Monday, 12 September 2011

Fine Just The Way It Is

 Short story collection by Annie Proulx

Due to university studies, it seems I haven't posted in over a month! Thanks university! Although I have been watching some fascinating films in film studies and talking about cyborgs, so I suppose I can forgive it.

I have been reading Fine Just The Way It Is by Annie Proulx, and I have to tell you, that book is harrowing! It is definitely not a book to read if you aren't feeling happy. After reading most of the short stories in the collection, I have been feeling pretty beaten up, it's like the emotional equivalent of going a round with Muhammad Ali.

First of all, let me say that Annie Proulx is a brilliant writer, and I love her! I don't think her stories could strike at the heart so much if she wasn't so brilliant. I really cherish her love of her land, and I really identify with the passion with which she writes about it's rugged, deadly beauty. Nature is a huge inspiration to me, too. She also has a way of describing characters simply, but really letting us get to know them through their actions and thoughts, so that we care about them.

And then... SPOILER ALERT....

… she kills or hurts them terribly. In all of the stories I have read so far, at least one character dies. I understand that America is a wild place, and that awful freak accidents happen, but it is just too much, one story after another, one death after another.

Actually, in the last story I read, the character didn't die at the end, but she was waiting to die, trapped and dying of hunger and thirst, which is probably worse.
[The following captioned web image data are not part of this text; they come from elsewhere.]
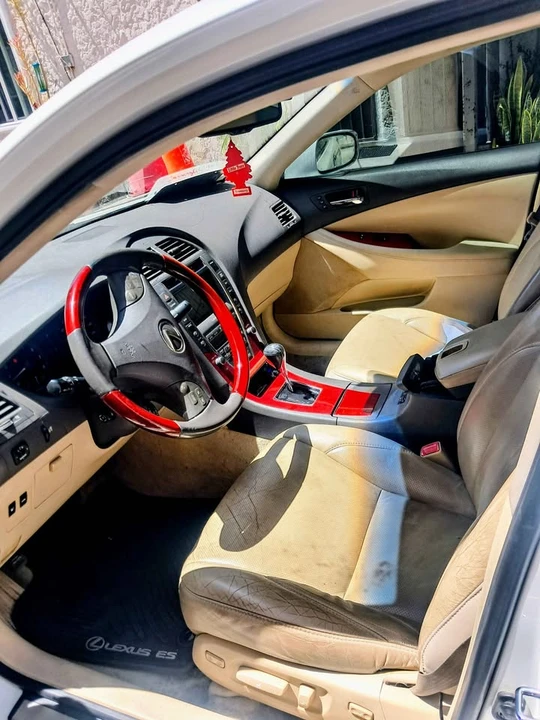 2009 Lexus ES 5th Gen - Image 6 of 9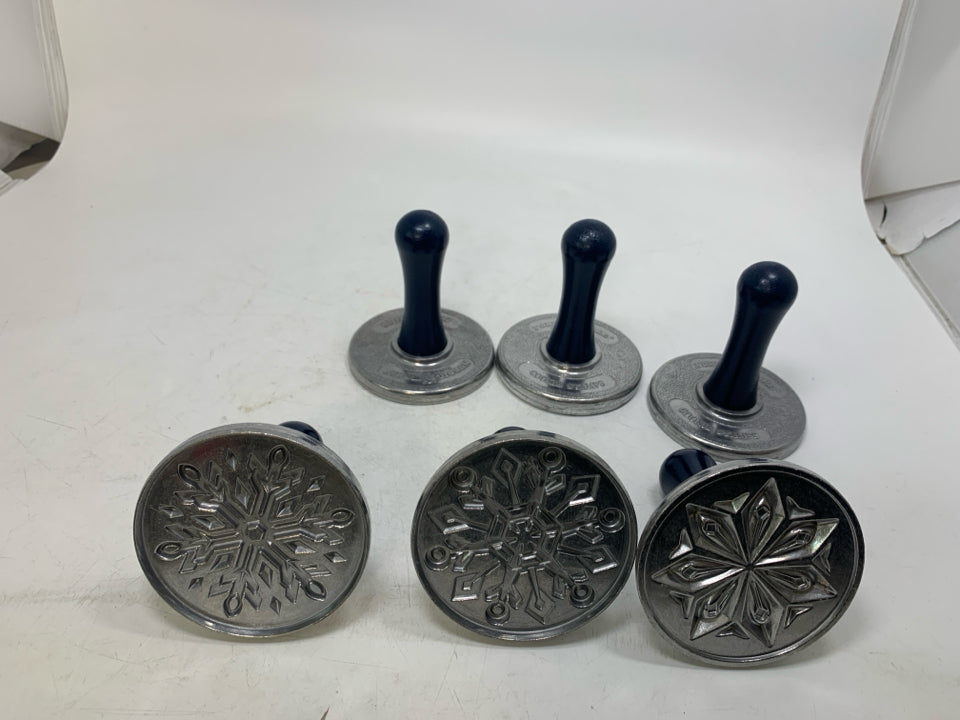 6 VTG NORDIC WARE SNOWFLAKE ALUMINUM COOKIE STAMPS IN BAG.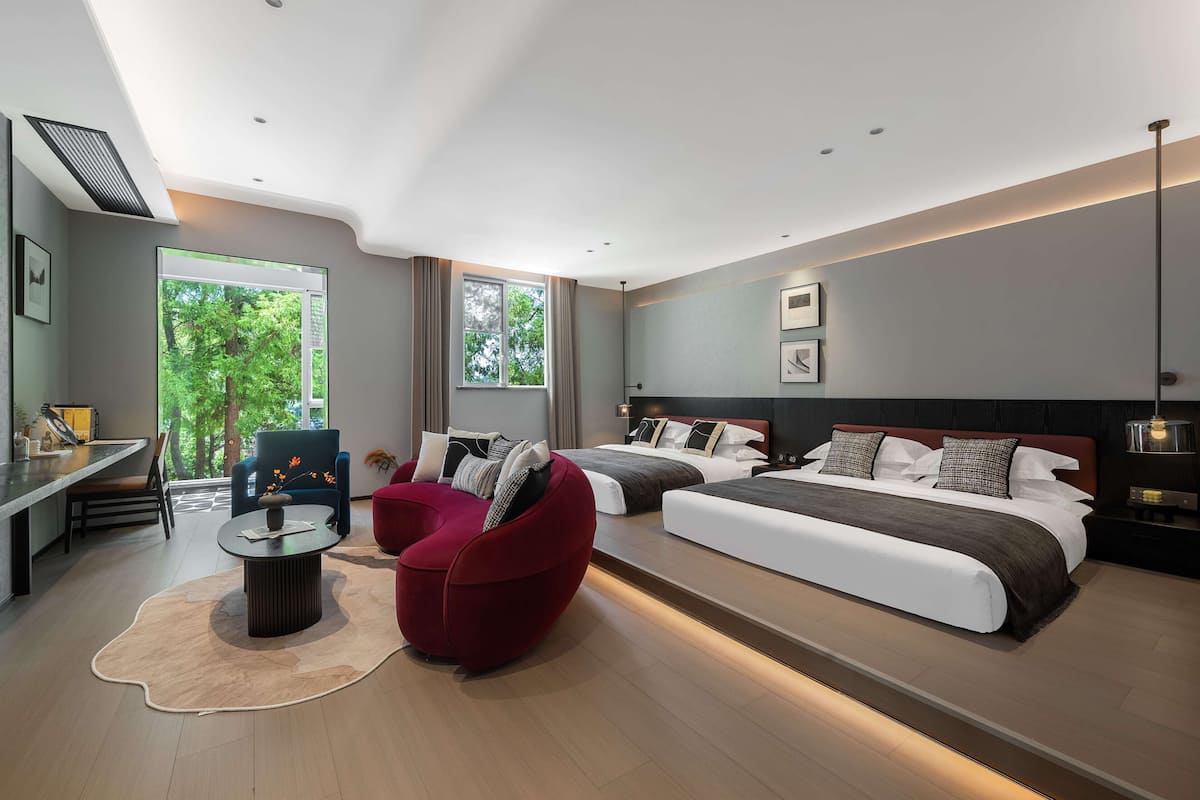 Family Twin Room | Premium bedding, pillowtop beds, laptop workspace, free WiFi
Anyway, if you are a fan of great writing about the way humans and the land interact, and the harshness and danger of nature, definitely give this a go, as long as you can handle the emotional impact. Let me reiterate, it's pretty harrowing. The deaths aren't like one of those silly crime shows where you never really know the person, and it's all about the glitz and glamour of crime investigation life, it's about hard, inescapable reality. This is definitetly a book for adults.